Monday, March 7, 2011

As I Lay With My Head In Your Lap Camerado

This poem was not as graphic as some of the other poems we have had to analyze in the past, because this one has to deal with the Civil War. I think that this is a dying man who is telling one of his fellow men what he did wrong and some of his previous regrets. He is also saying how regardless of his decisions, he thinks that he is correct and that will get him far in life.

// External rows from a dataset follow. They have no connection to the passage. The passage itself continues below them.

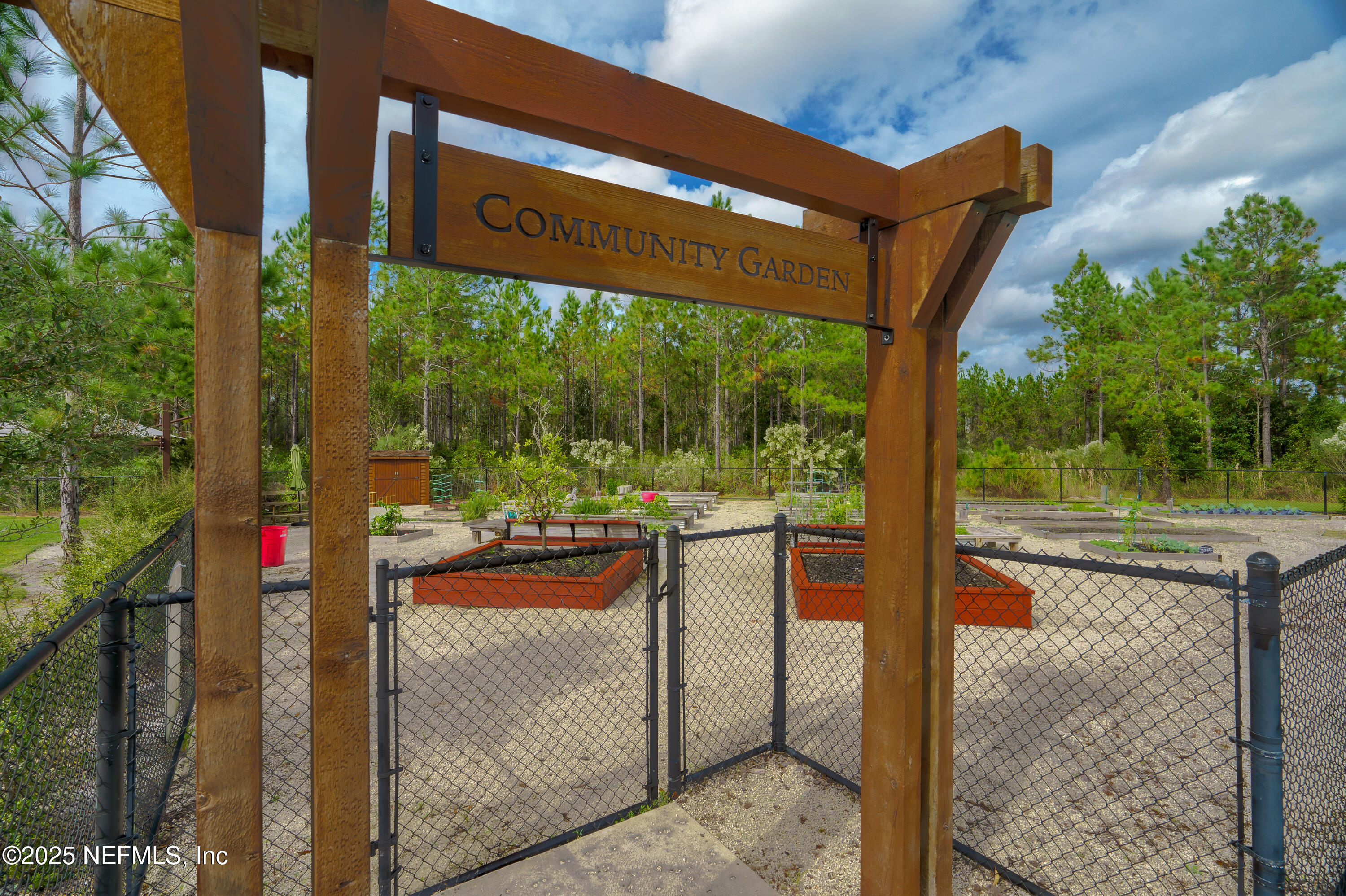 295 Seahill Drive St. Augustine, FL 32092 - Photo 100 of 101 a view of a porch with a floor to ceiling window next to a yard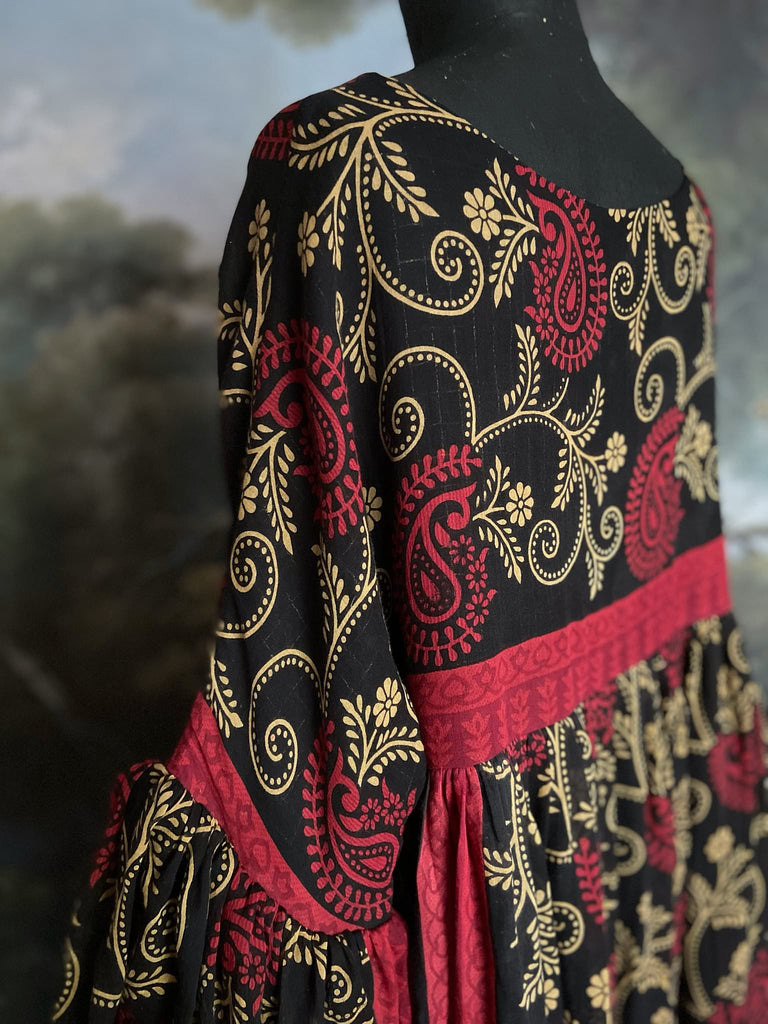 Blood red and ebony black fine cotton volume muslin dress with pockets and full balloon sleeves. Inspired by the aesthetic dress of the early 20th century. Bohemian style sustainably created from vintage and antique textiles by the Pavilion Parade studio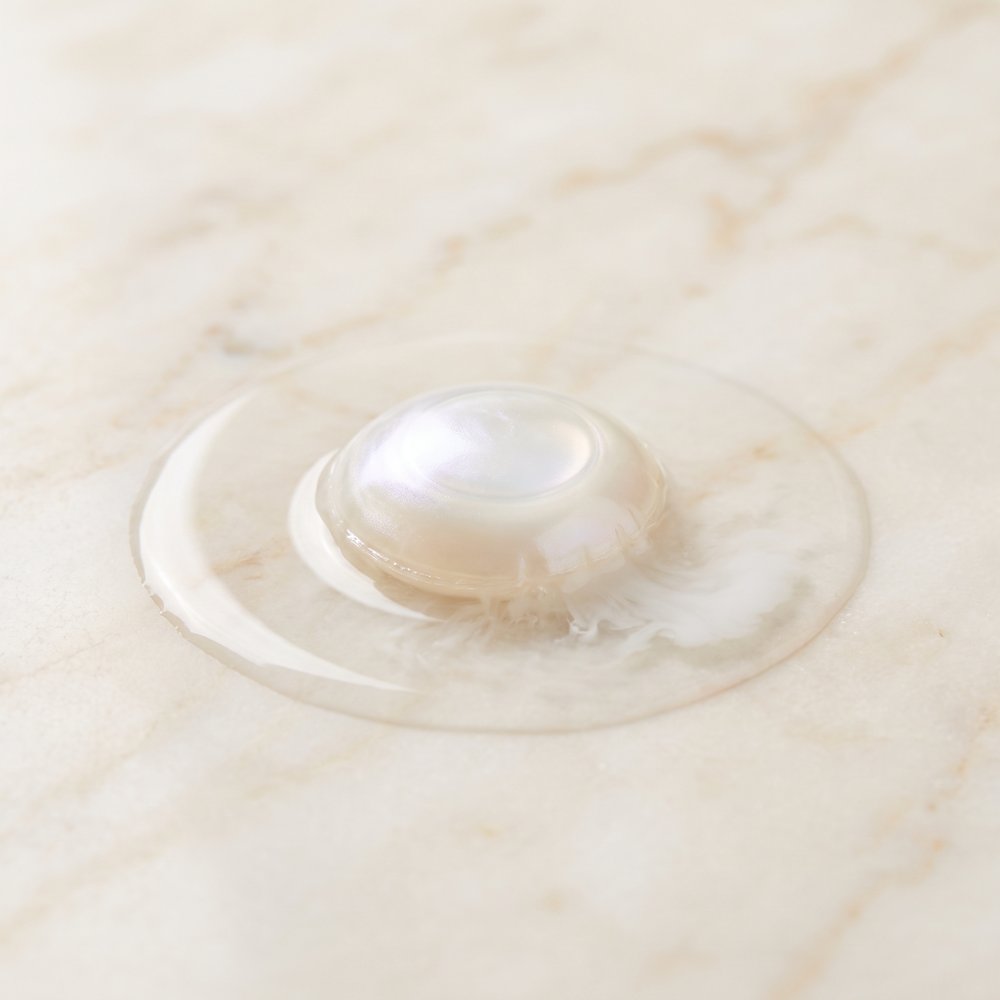 A laundry pearl dissolving in water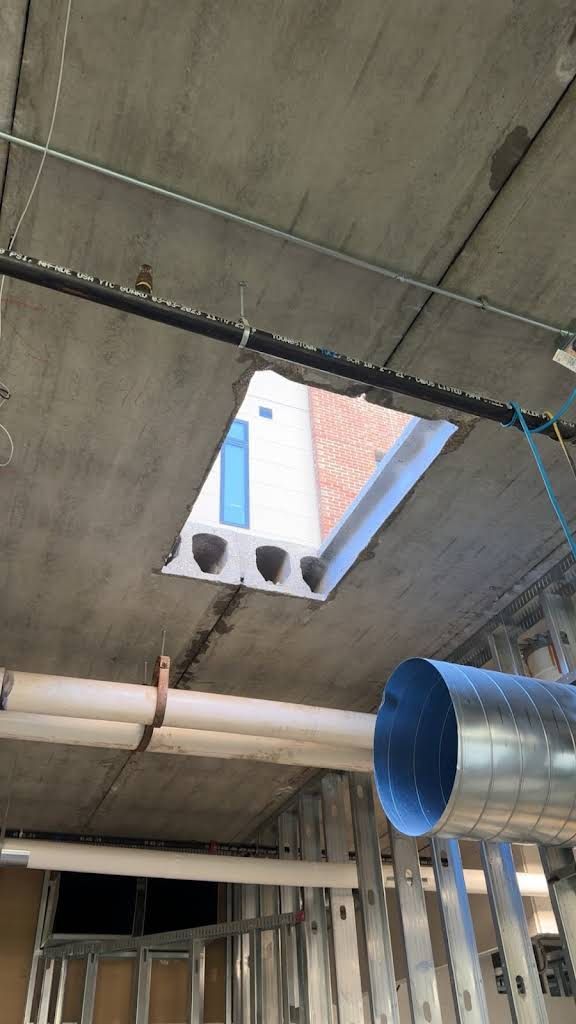 Concrete ceiling with a rectangular opening, revealing the sky and a building. Construction site interior.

Some of Whitman's Christianity beliefs do show in this poem as well because he is talking about heaven and hell and the fact that he does not care at the moment where he ends up, because he is dying and fought his hardest. Basically, in the end, the man says that he is leading his men on, even though he has no idea where he is going, and yet he wants his men to believe that he will lead them into the unknown. Walt Whitman says in the poem, "And the threat of what is call'd hell is little or nothing to me; And the lure of what is call'd heaven is little or nothing to me; ...Dear camerado! I confess I have urged you onward with me, and still urge you, without the least idea what is our destination, Or whether we shall be victorious, or utterly quell'd and defeated" (Whitman). That quote right there is what I am trying to prove in that this man does not have that good of an idea of what exactly he himself is doing, and yet he is still leading his men into the unknown. Although this poem was not as disturbing as some in the past, he is still laying in the lap of some guy, which is more appropriate to the time period, however, it is still a bit weird. I do not know what else to say about this poem because it does not really illustrate self throughout the poem although the man does confess to not knowing what he is doing, so it does illustrate his true character by the end of the poem.

"As I lay with my head in your lap, Camerado, the confession I made I resume-what I said to you in the to open air I resume: I know I am restless, and make others so; I know my words are weapons, full of danger, full of death; (Indeed I am myself the real soldier; It is not he, there, with his bayonet, and not the red-striped artilleryman;) For I confront peace, security, and all the settled laws, to unsettle them; I am more resolute because all have denied me, then I could have been had all accepted me; I heed not, and have never heeded, either experience, cautions, majorities, nor ridicule;... (Whitman).

The rest of the poem above is the rest of the man's confession and how he does regret some things, but he does not regret a lot of them, and wishes that he had had more authority over his men, and was not denied. That is what I was able to get from the poem.